Saturday, June 28, 2014

Catechesis on the Blessed Trinity (Part 4)



Throughout the month of June, in honor of the Unity of the Three Divine Persons, there will be excerpts from the Roman Catechism of the Council of Trent provided for your reflection.

Practical Admonitions Concerning The Mystery Of The Trinity

Since nowhere is a too curious inquiry more dangerous, or error more fatal, than in the knowledge and exposition of this, the most profound and difficult of mysteries, let the pastor teach that the terms nature and person used to express this mystery should be most scrupulously retained; and let the faithful know that unity belongs to essence, and distinction to persons.

But these are truths which should not be made the subject of too subtle investigation, when we recollect that he who is a searcher of majesty shall be overwhelmed by glory. We should be satisfied with the assurance and certitude which faith gives us that we have been taught these truths by God Himself, to doubt whose word is the extreme of folly and misery. He has said: Teach ye all nations, baptising them in the name of the Father, and of the Son, and of the Holy Ghost; and again, there are three who give testimony in heaven, the Father, the Word, and the Holy Ghost; and these three are one.
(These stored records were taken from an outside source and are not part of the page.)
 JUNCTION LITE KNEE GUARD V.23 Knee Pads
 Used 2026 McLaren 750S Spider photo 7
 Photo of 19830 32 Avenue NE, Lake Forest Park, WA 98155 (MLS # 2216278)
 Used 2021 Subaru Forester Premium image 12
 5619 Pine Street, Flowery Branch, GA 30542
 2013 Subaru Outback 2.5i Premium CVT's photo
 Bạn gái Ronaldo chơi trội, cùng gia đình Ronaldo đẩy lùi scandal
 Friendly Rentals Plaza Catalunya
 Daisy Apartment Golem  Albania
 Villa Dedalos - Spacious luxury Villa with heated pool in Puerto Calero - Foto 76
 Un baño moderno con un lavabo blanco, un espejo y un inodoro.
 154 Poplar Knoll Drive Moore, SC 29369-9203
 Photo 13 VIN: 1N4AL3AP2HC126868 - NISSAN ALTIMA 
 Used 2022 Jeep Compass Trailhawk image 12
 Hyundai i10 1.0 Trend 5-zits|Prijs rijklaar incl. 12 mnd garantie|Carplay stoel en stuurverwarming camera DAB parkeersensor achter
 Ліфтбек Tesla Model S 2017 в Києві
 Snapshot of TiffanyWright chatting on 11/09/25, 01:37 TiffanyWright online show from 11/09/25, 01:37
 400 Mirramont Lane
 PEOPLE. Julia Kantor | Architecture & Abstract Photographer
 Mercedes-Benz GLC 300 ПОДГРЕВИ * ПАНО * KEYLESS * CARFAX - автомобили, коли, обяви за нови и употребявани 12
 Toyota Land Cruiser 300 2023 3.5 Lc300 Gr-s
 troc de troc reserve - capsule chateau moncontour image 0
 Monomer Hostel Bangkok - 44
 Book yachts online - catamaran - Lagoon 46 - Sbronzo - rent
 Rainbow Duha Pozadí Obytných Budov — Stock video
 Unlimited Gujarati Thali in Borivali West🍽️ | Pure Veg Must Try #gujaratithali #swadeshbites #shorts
Let him, however, who by the divine bounty believes these truths, constantly beseech and implore God and the Father, who made all things out of nothing, and ordereth an things sweetly, who gave us power to become the sons of God, and who made known to the human mind the mystery of the Trinity let him, I say, pray unceasingly that, admitted one day into the eternal tabernacles, he may be worthy to see how great is the fecundity of the Father, who contemplating and understanding Himself, begot the Son like and equal to Himself, how a love of charity in both, entirely the same and equal, which is the Holy Ghost, proceeding from the Father and the Son, connects the begetter and the begotten by an eternal and indissoluble bond; and that thus the Essence of the Trinity is one and the distinction of the Three Persons perfect.